(Beginning of Supplied information)

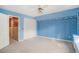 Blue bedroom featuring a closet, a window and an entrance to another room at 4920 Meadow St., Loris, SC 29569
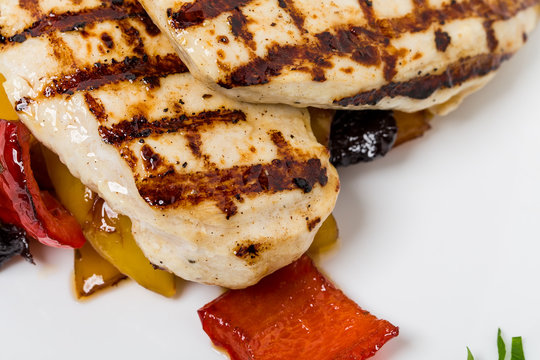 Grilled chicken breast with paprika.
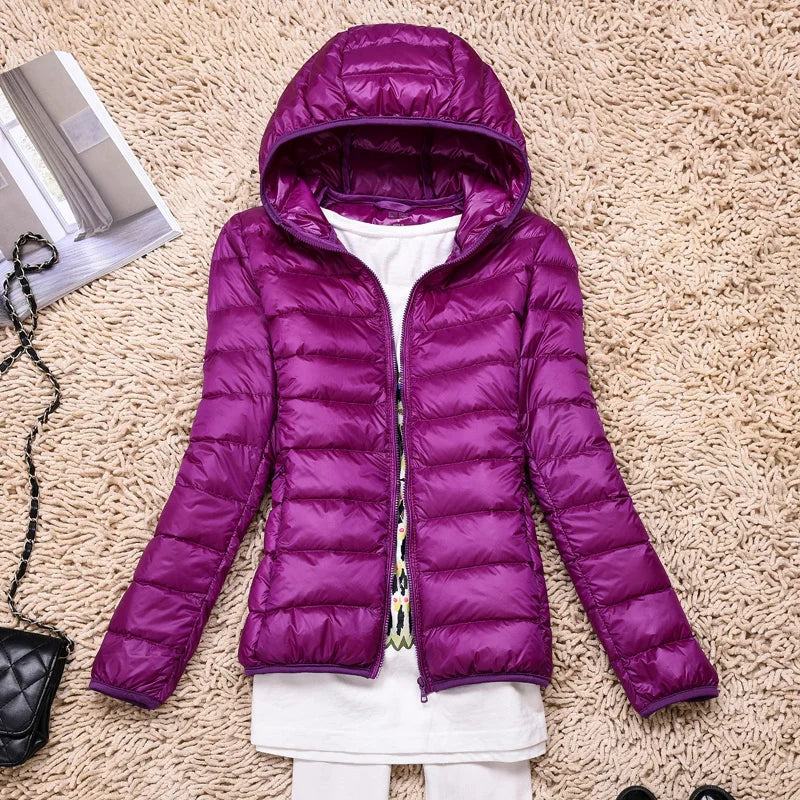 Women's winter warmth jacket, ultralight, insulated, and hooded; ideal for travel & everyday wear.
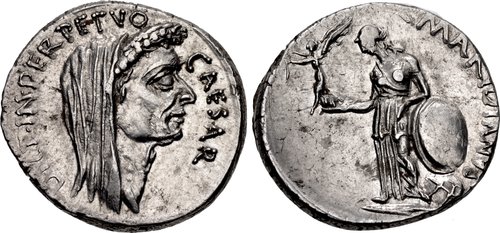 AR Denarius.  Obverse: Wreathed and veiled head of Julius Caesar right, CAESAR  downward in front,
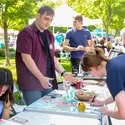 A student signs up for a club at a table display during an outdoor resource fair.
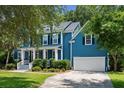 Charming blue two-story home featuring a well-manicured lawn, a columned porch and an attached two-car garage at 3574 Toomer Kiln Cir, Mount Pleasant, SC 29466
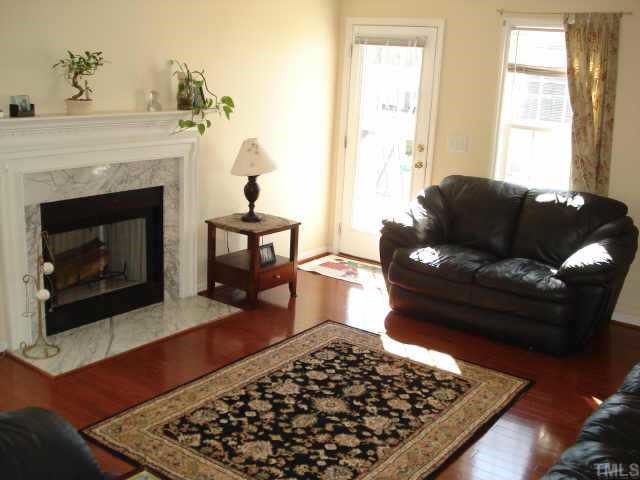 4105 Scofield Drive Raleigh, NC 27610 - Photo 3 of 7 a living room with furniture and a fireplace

(End of Supplied information)

**Required work:**
Output the records exactly. Drop the images.

**Response to this exercise:**
 Blue bedroom featuring a closet, a window and an entrance to another room at 4920 Meadow St., Loris, SC 29569
 Grilled chicken breast with paprika.
 Women's winter warmth jacket, ultralight, insulated, and hooded; ideal for travel & everyday wear.
 AR Denarius.  Obverse: Wreathed and veiled head of Julius Caesar right, CAESAR  downward in front,
 A student signs up for a club at a table display during an outdoor resource fair.
 Charming blue two-story home featuring a well-manicured lawn, a columned porch and an attached two-car garage at 3574 Toomer Kiln Cir, Mount Pleasant, SC 29466
 4105 Scofield Drive Raleigh, NC 27610 - Photo 3 of 7 a living room with furniture and a fireplace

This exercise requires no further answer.